Five Hundred Fifty-Five Words on “Penguin in E Minor”

In honor of the 2011 RPM Challenge, Chris is going to be writing an awful lot about music this month, including music he’s made. You have been warned.

“Penguin in E Minor” is not, to the best of my knowledge, written in E minor. I say “to the best of my knowledge” because the truth is that I’m not much of a musician. I took saxophone lessons in elementary school, and piano lessons and an electronic music class in college, but that’s about it.

The song draws its title not from the key it’s written in — I actually have no idea what key it’s in — but instead from the nickname of the guitar player for my old college-era band. Lyrically, “Penguin” was a highly fictionalized account of how that band got together, of how we broke up, and of what the future might look like for us. As with most of my songs, the lyrics came first.

Musically, this was the first song I wrote by myself that was meant to be sung over. I’d created an opus of a song for the aforementioned electronic music class that would eventually have lyrics fitted on top of it, but I’d never written something where the words and music were meant to go together.

Now, whether I actually succeeded in crafting something where the words and music fit together was a bone of contention when I released this on back in the day. Some people dug the abrasive, high-pitched pan flutey thing that I was playing over the top of the verses, but others hated it. For me, though, that was the crux of the song.
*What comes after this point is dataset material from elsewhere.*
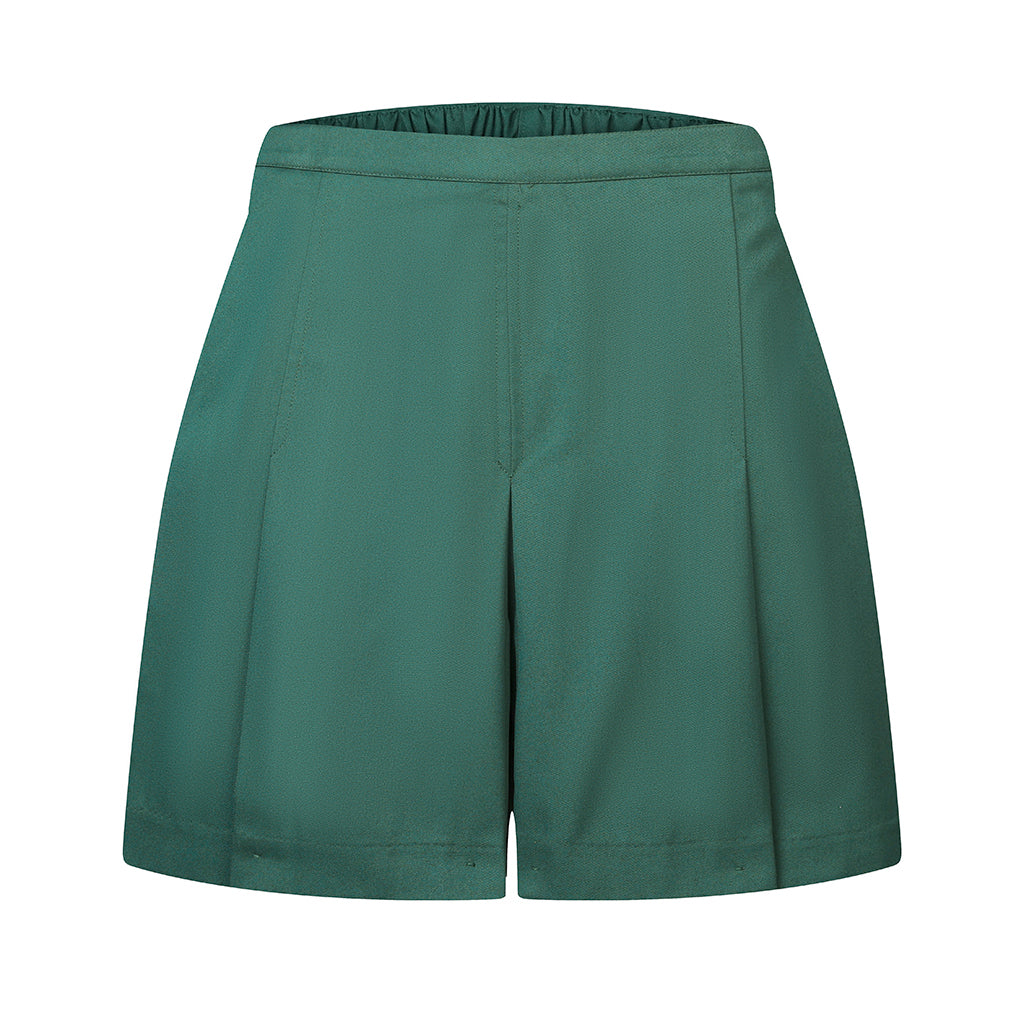 School Culottes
What I was trying to do was evoke the sound of my old band’s best tune, “Orange.” I couldn’t play guitar, so I couldn’t do anything to call back to the sound that the Penguin played on that old song, but with my keyboard I could at least pay some tribute. And I really was interested in paying tribute. But I was also out to prove something. And I guess that something was that I could do it on my own.

The chorus sounds so cynical to me now, as I listen to it for the first time in years. “And you can never go back again,” I sing. “No, you can never go back again. They might’ve said they’d stick to the end, but you can never go back again.” Sure, that’s true, and part of what I was trying to do here was convince myself to get over the past and move on, which is never really a bad thing. But “Penguin” is the reaction of an angry young man to being abandoned by the community he’d put all his energy into.  He doesn’t really want to move on, and he doesn’t really want to go it alone, but he’s convinced himself that that’s the only way to do it.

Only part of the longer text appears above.